L’intenable folie des grandeurs des Guns N’ Roses, pilotée par Axl Rose, fait de la trilogie vidéo le blockbuster annonçant le naufrage du groupe.

Suite et fin de la trilogie des Guns par Anthony Poiraudeau.

#1 : Appetite for Production

#2 : Nouveau type de fiction

 

Avec « Estranged », on ne comprend toujours rien, mais c’est beau et c’est rock

Le troisième volet de la trilogie des Guns N’ Roses, formée de trois vidéoclips dont les deux premiers étaient ceux de « Don’t Cry » et de « November Rain », est le clip d’« Estranged ».

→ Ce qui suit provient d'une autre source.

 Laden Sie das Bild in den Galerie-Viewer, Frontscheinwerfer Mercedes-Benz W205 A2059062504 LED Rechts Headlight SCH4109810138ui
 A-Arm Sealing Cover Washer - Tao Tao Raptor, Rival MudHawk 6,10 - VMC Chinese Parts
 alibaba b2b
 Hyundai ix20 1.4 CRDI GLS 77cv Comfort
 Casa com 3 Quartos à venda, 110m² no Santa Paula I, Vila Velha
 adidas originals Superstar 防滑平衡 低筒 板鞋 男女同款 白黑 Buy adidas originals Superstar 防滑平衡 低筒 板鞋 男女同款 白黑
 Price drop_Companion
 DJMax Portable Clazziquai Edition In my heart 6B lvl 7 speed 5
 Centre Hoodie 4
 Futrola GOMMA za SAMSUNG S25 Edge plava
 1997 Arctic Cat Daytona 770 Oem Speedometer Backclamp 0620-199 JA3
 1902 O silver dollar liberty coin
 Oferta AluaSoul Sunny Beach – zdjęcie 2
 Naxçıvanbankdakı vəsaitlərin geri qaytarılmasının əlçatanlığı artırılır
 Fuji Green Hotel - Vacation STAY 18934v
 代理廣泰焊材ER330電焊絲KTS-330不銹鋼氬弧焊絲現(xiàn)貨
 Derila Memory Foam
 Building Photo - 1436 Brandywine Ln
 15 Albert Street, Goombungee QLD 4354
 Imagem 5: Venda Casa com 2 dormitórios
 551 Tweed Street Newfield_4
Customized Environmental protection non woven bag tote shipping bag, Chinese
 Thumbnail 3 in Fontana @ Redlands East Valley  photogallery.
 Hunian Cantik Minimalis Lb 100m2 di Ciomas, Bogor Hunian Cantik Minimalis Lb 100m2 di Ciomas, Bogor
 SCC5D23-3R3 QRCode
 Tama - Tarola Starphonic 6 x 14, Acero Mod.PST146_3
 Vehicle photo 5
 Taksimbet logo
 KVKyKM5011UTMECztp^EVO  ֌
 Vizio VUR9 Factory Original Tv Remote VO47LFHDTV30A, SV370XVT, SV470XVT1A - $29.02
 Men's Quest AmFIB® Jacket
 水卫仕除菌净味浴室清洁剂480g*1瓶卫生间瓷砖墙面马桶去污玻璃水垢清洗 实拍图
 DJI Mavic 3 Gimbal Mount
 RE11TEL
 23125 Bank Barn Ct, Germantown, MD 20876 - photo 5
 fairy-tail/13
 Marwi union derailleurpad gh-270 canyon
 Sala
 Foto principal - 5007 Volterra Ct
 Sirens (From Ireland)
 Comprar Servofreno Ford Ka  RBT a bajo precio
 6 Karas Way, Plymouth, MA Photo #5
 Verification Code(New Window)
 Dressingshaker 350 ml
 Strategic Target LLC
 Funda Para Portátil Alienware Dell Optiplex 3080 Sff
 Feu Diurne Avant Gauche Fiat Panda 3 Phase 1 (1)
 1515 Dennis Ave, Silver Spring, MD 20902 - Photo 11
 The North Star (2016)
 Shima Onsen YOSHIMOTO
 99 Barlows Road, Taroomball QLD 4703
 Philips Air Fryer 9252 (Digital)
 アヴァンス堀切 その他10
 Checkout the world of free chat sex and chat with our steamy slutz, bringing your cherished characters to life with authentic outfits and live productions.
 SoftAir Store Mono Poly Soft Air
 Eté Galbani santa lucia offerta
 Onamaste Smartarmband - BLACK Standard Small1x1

L’esthétique du clip est similaire à celles des autres. Même type de budget (énorme), même alternance de séquences, et même registre de fiction. Andy Morahan est à la réalisation des trois clips. Quelques années plus tard, il allait sortir de sa spécialisation musicale pour diriger le long-métrage Highlander III – comme si le destin, tout en prétendant le promouvoir, avait estimé qu’il devait être puni.

Tout confirme que les scènes de fiction des trois vidéoclips sont reliées entre elles : les histoires présentent des continuités narratives explicites avec plusieurs séquences des deux autres clips. Cependant, « Estranged » révèle aussi qu’on n’y comprendra jamais rien : le clip ne comble aucun trou de l’histoire générale, et complique même encore plus toute l’affaire.

Comme si la trilogie était à prendre comme un seul et même film en trois parties, mais qu’il n’était pas la peine de chercher à en déceler le sens – la trilogie peut à la rigueur être vue comme l’énorme bande-annonce d’un énorme film qui, lui, aurait été compréhensible s’il avait pu être visionné, et qui aurait pu être à la véritable mesure des Guns N’ Roses.

Mais être le plus grand groupe de rock du monde est très prenant, vous savez, et il faudra se contenter d’extraits – qui présentent l’avantage, mis bout à bout et montés comme il faut, d’accompagner à merveille trois singles d’anthologie.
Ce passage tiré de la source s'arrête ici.